Notably, our feature selection using recursive feature elimination, while incredibly informative and critical to our conclusions, was somewhat of an arbitrary choice, especially since the way we arrived at 54 features was not particularly rigorous. Future work by either us or another investigator may choose to incorporate other feature selection methods instead or alongside ours.

Also, with the emergence and chaos of the COVID-19 pandemic, several of the features that we concluded to be important are likely to undergo drastic changes from 2019 to 2020, such as unemployment rates and population health, which have already dramatically increased and decreased, respectively. This could pose a gap in our work in this project since the accuracy of our models when applied to a potential 2020 dataset could quite possibly be adversely affected. While 2019 data could be used as a substitute, another investigator could possibly consider training a model that takes 2020 into account as well, in order to predict the 2024 presidential election, since 2020 data may contain outliers.

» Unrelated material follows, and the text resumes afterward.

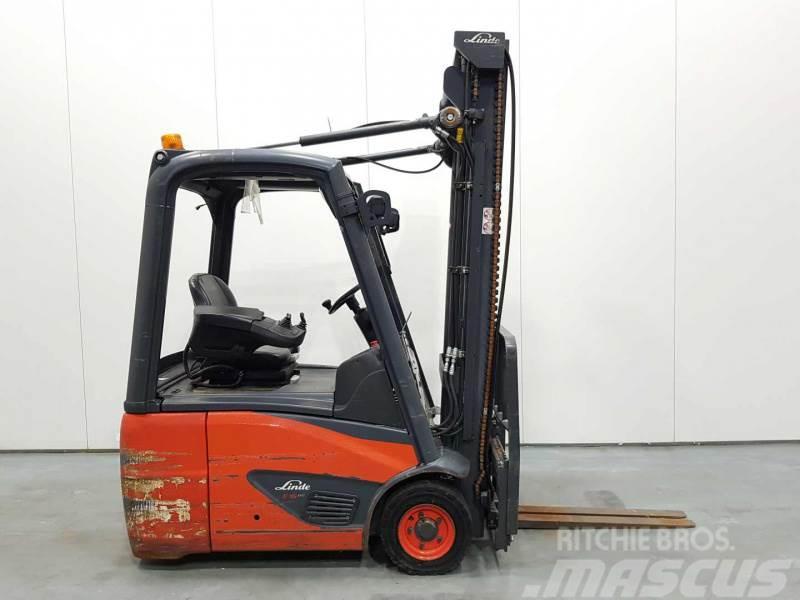 Linde E16C-02 Other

Finally, presidential elections themselves only occur once every 4 years, which is a long time for things to change, and means that any model built to predict future elections would only really be able to be tested once every 4 years in the real world as well. One thing we could do differently, or another investigator may consider, is to try to apply these datasets to predict and find the best features to predict congressional elections in addition to presidential elections.

Legal, Policy, and Ethical Implications

If presidential candidates are aware of features that best predict that a county will vote for their party, it could lead to pandering and grand promises that may not necessarily be met, which would mean that models such as ours can lead to the legal and ethical concern of dishonesty in campaigning, for the purpose of getting into office. These kinds of issues could also apply if a candidate is up for reelection, since they can look at voting patterns and distributions in each county, and specifically tailor policies to be favorable to states or counties they or their party previously only lost by a small margin, in order to somewhat buy votes, which creates policy and ethical concerns as well.